# Commit Cadence

> Some repos go quiet for too long.

Canonical URL: <https://datadriven.io/problems/commit_cadence>

Domain: SQL · Difficulty: hard · Seniority: L5

## Problem

The engineering manager wants to flag repos with infrequent commit activity. For each repository, compute the average gap in days between consecutive commits. Only include repos whose average gap exceeds 5 days, and rank them by how inactive they are, widest average gap first. Return the repo name, average gap, and inactivity rank.

## Worked solution and explanation

### Why this problem exists in real interviews

This tests LAG for computing gaps between consecutive events, aggregation of those gaps, HAVING for threshold filtering, and RANK for ordering. It is a multi-step problem combining window functions with standard aggregation.

---

### Break down the requirements

#### Step 1: Compute gaps between consecutive commits

Use `LAG(commit_at) OVER (PARTITION BY repo_name ORDER BY commit_at)` to get the previous commit timestamp, then compute the difference in days.

#### Step 2: Average the gaps per repo

`GROUP BY repo_name` with `AVG(gap_days)`, excluding the first commit per repo (which has a NULL gap).

#### Step 3: Filter and rank

`HAVING AVG(gap_days) > 5` keeps inactive repos. `RANK()` by average gap descending assigns the inactivity rank.

---

### The solution

**LAG-based gap analysis with ranking**

```sql
WITH gaps AS (
    SELECT
        repo_name,
        commit_at - LAG(commit_at) OVER (PARTITION BY repo_name ORDER BY commit_at) AS gap_days
    FROM repo_commits
)
SELECT
    repo_name,
    AVG(gap_days) AS avg_gap,
    RANK() OVER (ORDER BY AVG(gap_days) DESC) AS inactivity_rank
FROM gaps
WHERE gap_days IS NOT NULL
GROUP BY repo_name
HAVING AVG(gap_days) > INTERVAL '5 days'
ORDER BY avg_gap DESC
```

> **Cost Analysis**
>
> Scan of 5M rows with a window function (sort per partition). The LAG step is O(n log n) for sorting. The subsequent GROUP BY reduces to the number of repos. The window sort dominates.

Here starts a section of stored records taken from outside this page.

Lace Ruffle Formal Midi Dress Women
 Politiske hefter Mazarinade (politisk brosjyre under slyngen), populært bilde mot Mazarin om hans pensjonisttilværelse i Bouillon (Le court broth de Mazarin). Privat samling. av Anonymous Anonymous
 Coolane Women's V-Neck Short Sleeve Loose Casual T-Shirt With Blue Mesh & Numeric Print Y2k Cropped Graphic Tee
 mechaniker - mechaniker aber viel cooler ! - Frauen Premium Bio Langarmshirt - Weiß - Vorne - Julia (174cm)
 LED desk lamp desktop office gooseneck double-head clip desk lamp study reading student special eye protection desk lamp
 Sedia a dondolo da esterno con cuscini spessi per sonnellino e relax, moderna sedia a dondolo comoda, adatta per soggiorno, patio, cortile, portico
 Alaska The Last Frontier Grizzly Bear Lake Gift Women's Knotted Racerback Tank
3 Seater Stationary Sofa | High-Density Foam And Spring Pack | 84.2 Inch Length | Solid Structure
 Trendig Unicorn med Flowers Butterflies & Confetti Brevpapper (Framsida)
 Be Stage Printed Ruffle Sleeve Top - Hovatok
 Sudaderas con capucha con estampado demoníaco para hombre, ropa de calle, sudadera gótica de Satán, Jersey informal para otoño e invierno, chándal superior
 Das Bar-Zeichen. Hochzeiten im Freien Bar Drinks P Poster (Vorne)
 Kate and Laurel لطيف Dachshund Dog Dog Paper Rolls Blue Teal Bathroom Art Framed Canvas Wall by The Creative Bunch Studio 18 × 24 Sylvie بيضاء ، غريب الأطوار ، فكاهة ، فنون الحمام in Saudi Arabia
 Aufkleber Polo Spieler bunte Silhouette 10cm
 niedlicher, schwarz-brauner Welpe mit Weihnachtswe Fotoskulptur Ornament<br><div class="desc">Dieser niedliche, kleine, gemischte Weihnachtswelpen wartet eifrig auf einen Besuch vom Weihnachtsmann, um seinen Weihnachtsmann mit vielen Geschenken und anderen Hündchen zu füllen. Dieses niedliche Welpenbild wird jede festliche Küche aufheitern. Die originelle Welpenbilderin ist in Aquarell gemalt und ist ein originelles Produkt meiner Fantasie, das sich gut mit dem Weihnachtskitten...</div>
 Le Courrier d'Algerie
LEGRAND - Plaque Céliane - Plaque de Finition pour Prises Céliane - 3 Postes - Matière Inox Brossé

> **Interviewers Watch For**
>
> Whether you correctly exclude the first commit per repo (NULL gap) before averaging. Including NULLs in AVG silently drops them, but the WHERE clause makes intent explicit.

> **Common Pitfall**
>
> Computing the gap as `commit_at - LAG(commit_at)` returns an interval in PostgreSQL, not a number of days. You may need `EXTRACT(EPOCH FROM gap) / 86400` to get numeric days depending on the database.

---

## Common follow-up questions

- What if a repo has only one commit? _(All gaps are NULL, so it is excluded entirely. Tests whether the candidate handles this edge case.)_
- How would you find repos with accelerating commit frequency? _(Compare recent gaps to older gaps, testing trend analysis within partitions.)_
- What if commit_at is a date (not timestamp)? _(Date subtraction returns an integer in PostgreSQL, simplifying the gap calculation.)_
- How would you handle repos with commits on the same timestamp? _(Tests zero-gap handling and whether ORDER BY needs a tiebreaker.)_

## Related

- [All practice problems](https://datadriven.io/problems)
- [Mock interview mode](https://datadriven.io/interview/commit_cadence)
- [SQL Interview Questions](https://datadriven.io/sql-interview-questions)
- [Data Engineering Interview Prep Guide](https://datadriven.io/data-engineer-interview-prep)
- [Daily Challenge](https://datadriven.io/daily)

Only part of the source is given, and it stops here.